Newsome and the team's other decision-makers were adamant about it being the right move, saying they got one of their four highest-rated prospects. As Newsome pointed out, with the team having just invested big money in Joe Flacco, there's nothing wrong with giving their quarterback quality blind-side protection for years to come.
In Ozzie you trust, right?
It might not be an exciting pick, but it's a quintessential Newsome pick, focusing on the team's gray foundation rather than its glittery fringes.
A safe pick.
The Ravens passed on Buckner because they had Stanley rated higher. They passed on Jack because of concerns about the knee injury that ended his 2015 season and caused him to drop out of the first round Thursday night.
They passed on Tunsil, whom I thought they might take if available, because of character red flags that caused him to drop from the likely No. 1 overall pick a few weeks ago to the No. 13 overall pick Thursday night, the third tackle to go. Those red flags went viral just as the draft began when a bizarre video of Tunsil wearing a gas mask and smoking a bong was briefly posted to his Twitter account.

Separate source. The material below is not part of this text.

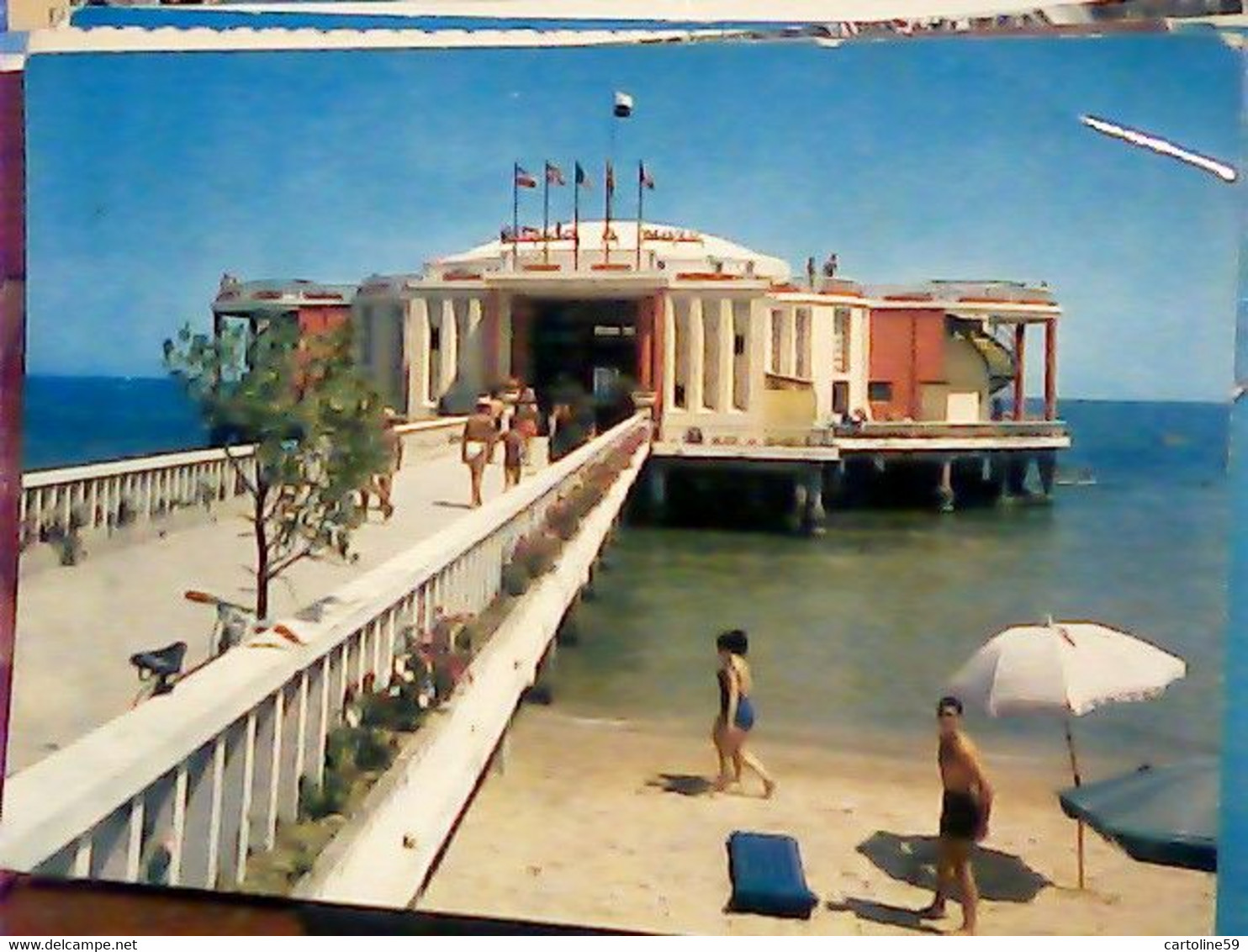 9 CARD SENIGALLIA VARIE VB1963/81  IV1132 - Senigallia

As news of the video racketed around the Internet and invaded draft war rooms, Newsome didn't deny that the Ravens took it into account. But he also intimated that the Ravens already had some doubts about Tunsil.

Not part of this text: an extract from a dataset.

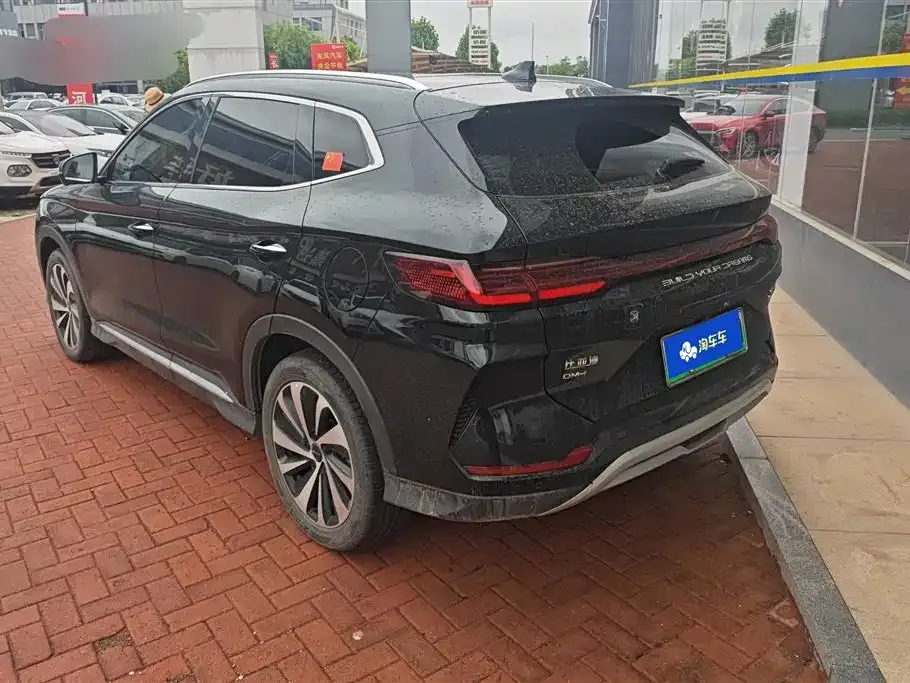 BYD PLUS New Energy — фото 6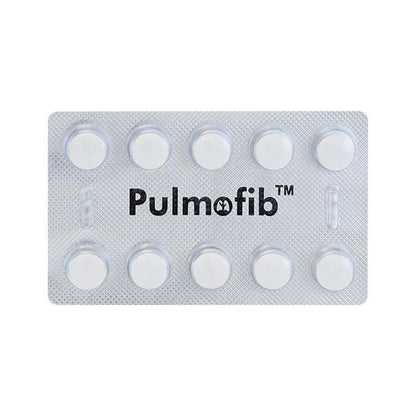 Pulmofib 200mg Tablet 10'S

"Our scouts do a great job and get a lot of information" about players, Newsome said. "When things happen, all the time we're not surprised."
Stanley had no such red flags, no injury history to reckon. He comes highly recommended as a class act who is always on the field, a product of a big-time program that employs a sophisticated pro-style offense. Newsome and Assistant General Manager Eric DeCosta both praised his intelligence and predicted he would start "for a long time."
I don't think there's any doubt the Ravens coveted Bosa and Ramsey. Newsome confirmed that they "talked to a team" about trading up, surely to get one of those two. Either would have filled the bill as a defensive playmaker.
But as with their attempt to trade back, the Ravens' attempt to trade up went nowhere.
In the end, they just looked at the top of their draft board and took Stanley. Exciting? Maybe not. But after watching their first-round pick fail to get on the field because of an injury last year, they think they've acquired a strong, smart, healthy puzzle piece who can step right in and make a difference.
One way or another, that's what you're supposed to get at No. 6, right?